Sea surface temperature (SST) over Indian Ocean and Near Surface Temperature (TAS) over the Indian subcontinent are directly connected with circulation, winds, humidity, and precipitation over India. Increased SSTs & TAS are a major consequence of climate change driven by anthropogenic factors. Changes in SST and/or TAS can affect circulation patterns, which can impact the monsoons that are vital to the region.
We have previously carried out a D&A analysis of area averaged annual mean SST changes over four regions in the Indian Ocean (Bay of Bengal, Arabian Sea, Southwest Indian Ocean and Southeast Indian Ocean) using regression based optimal detection method of Allen & Tett (1999). Among the SST regions we found that the Bay of Bengal, Arabian Sea, and Southeast Indian Ocean have shown warming due to Anthropogenic causes over the last 50- and 100-year periods. However, over the more recent 20- and 30-year period, the warming was not inconsistent with natural variability.
In a second analysis of season-wise TAS changes over seven homogenous temperature zones in India, we found that in the Western Himalayas (all seasons except JJA), West Coast, and East Coast, anthropogenic influences have dominated the observed changes. The combination of all seven regions shows that over India, temperature changes have been dominated by anthropogenic forcings in all seasons except JJA.
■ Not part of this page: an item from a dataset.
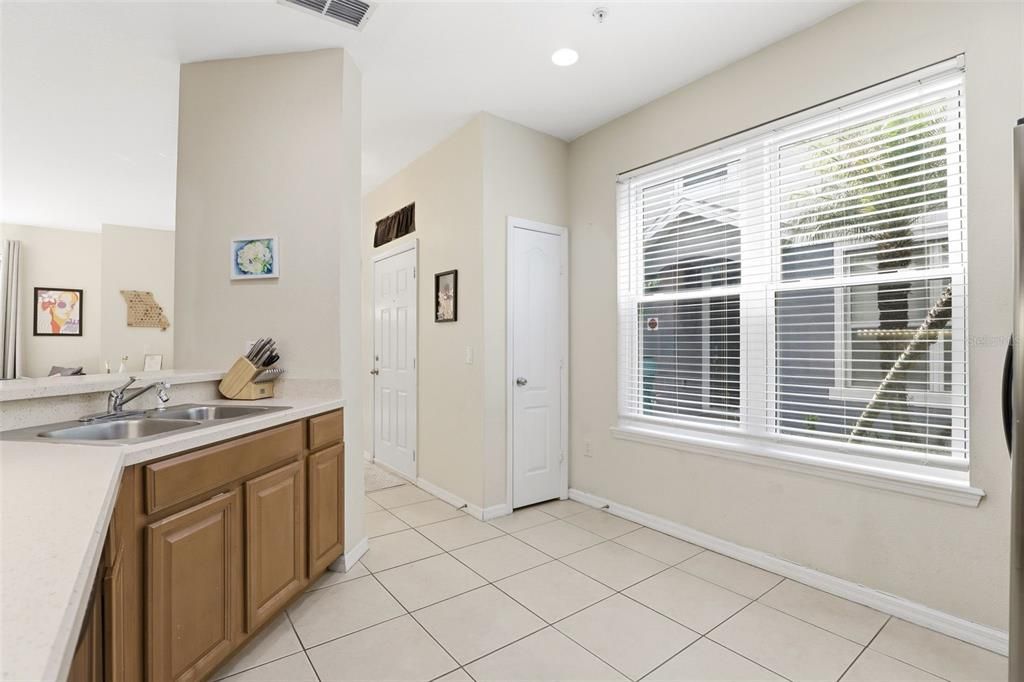 For Sale: $274,999 (3 beds, 2 baths, 1544 Square Feet)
In the current study, we merge the SSTs from the Indian Ocean and the TAS over land (36°S-42°N, 51°E-102°E at 3°X3° resolution) for 100-year (1906-2005) and 50-year (1956-2005) periods and carry out a D&A analysis of the merged data using two Optimal Fingerprint methods a) the regression based method of Allen & Tett (1999) and b) the method of Santer et al (2004). For the merged data, we use TAS observations from CRU 3.2.2, and multiple SST datasets (ERSST v3b & HadISST v1.1) along with model output from 7 models in the Coupled Model Intercomparison Project Phase-5 (CMIP5) database. Individual forcing runs such as the historicalGHG, historicalNat, historicalAnthro, historicalAA along with the combined forcing (historical) and control (piControl) runs.
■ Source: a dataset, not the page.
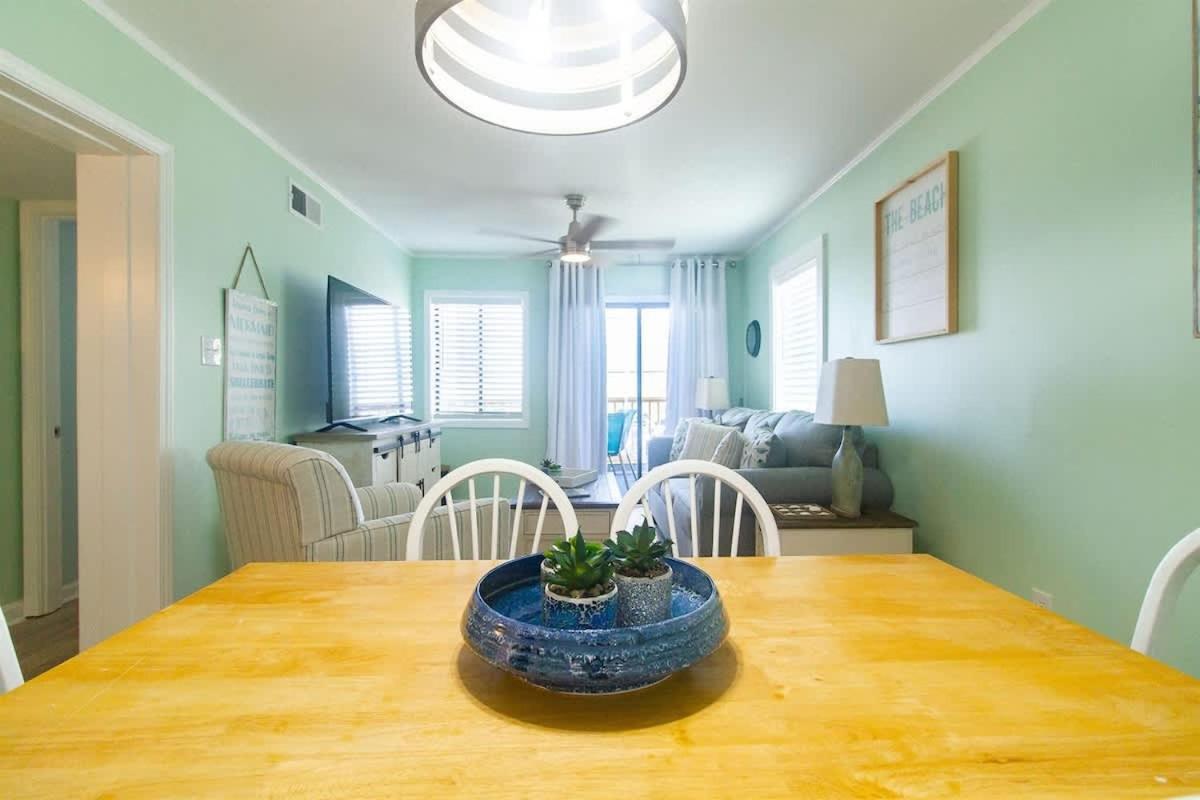 Harbour 16 @ The Carolina Boardwalk - Full Remodel! *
Preliminary results indicate that the warming over this region is attributable to anthropogenic forcings (specifically Greenhouse gases) with a negligible contribution from natural forcings over the 100- & 50- year time periods. We explore the sensitivity of our results to observational uncertainty and D&A method used.
- Allen, Myles R., and Simon FB Tett. "Checking for model consistency in optimal fingerprinting." Climate Dynamics 15.6 (1999): 419-434.
- Santer, Benjamin D., et al. "Identification of anthropogenic climate change using a second generation reanalysis." Journal of Geophysical Research: Atmospheres 109.D21 (2004).